We find ample support for our position on this question. See United States v. Clark, No. 78-1513 (decided February 26, 1980), 48 U.S.L.W. 4195 (February 26, 1989).
Moreover, Congress has demonstrated in other social welfare legislation that it knows how to restrict the class of eligible beneficiaries to those living with individuals at a particular time. Id. at 4196 (emphasis added.)
See also n.4 Id.
Lalli v. Lalli, 439 U.S. 259 (1978); Mathews v. Lucas, 427 U.S. 49 (1976).

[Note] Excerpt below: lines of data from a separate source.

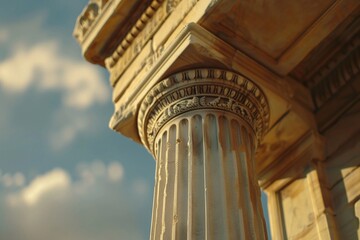 ai generative ancient greek building pillars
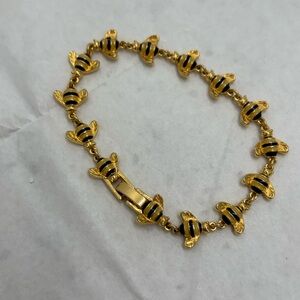 Premier Designs Gold and Black Bee Bracelet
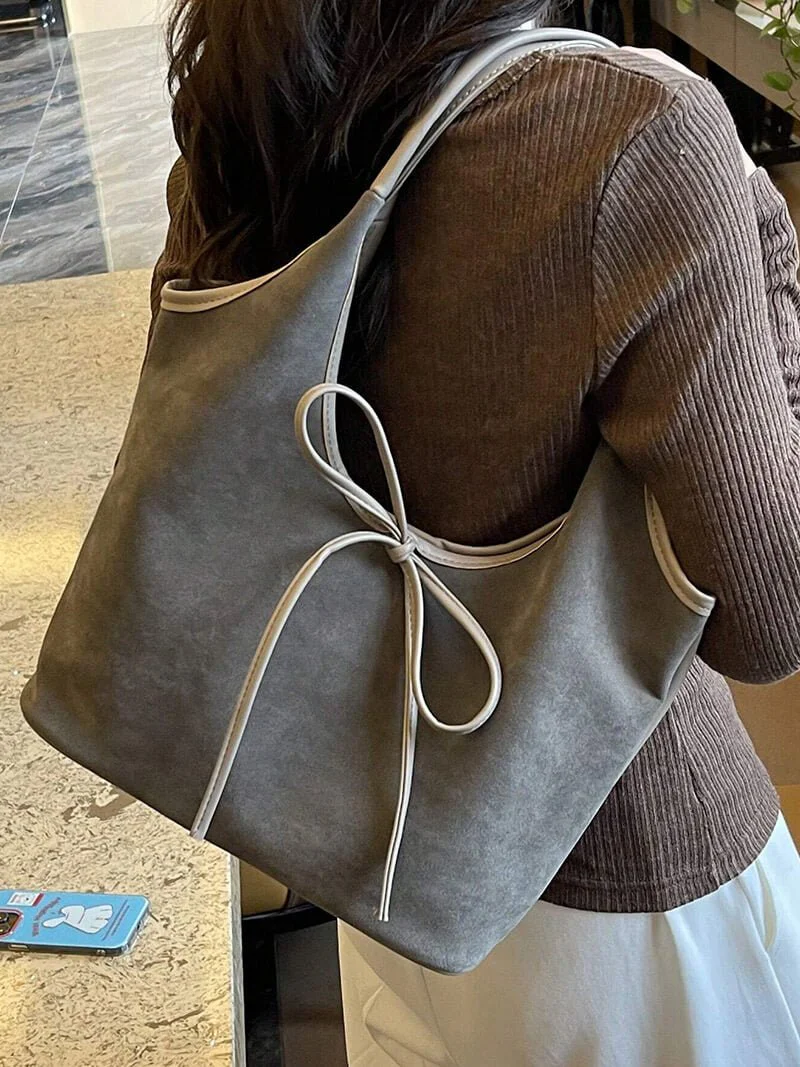 Florence Suede Bow Bag - Image 11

Carey v. Social Security Board, 62 F.Supp. 458 (W.D. Ky. 1945), first applied the regular and substantial test holding that twenty-five percent of the child's total expenses satisfied the standard. In subsequent cases, the critical factor continued to be what portion of the child's support was derived from the contribution. See Miller v. Califano, CCH Unemployment Insurance Reporter,=15.370 (E.D. La. 1971), aff'd 462 F.2d 757 (4th Cir. 1972). The "regular and continuous" standard was propounded in response to a claim where the father, a casualty of Vietnam, had contributed six dollars and some infant habiliments. The court found such "contributions" sporadic and insignificant. Norton v. Richardson, 353 F. Supp. 596 (D. Md. 1972), vacated and remanded, 418 U.S. sub nom., Norton v. Mathews, 427 U.S. 524.
Brief of Appellee at 17.
Santiago v. Matthews, 431 F. Supp. 1213, 1215 (E.D. N.Y. 1977).
Even the regulations of the Social Security Administration recognize that "support" includes in addition to cash, such things as food, shelter, clothing and other ordinary and customary items for the maintenance of the person supported. 20 C.F.R. §404.350 (c).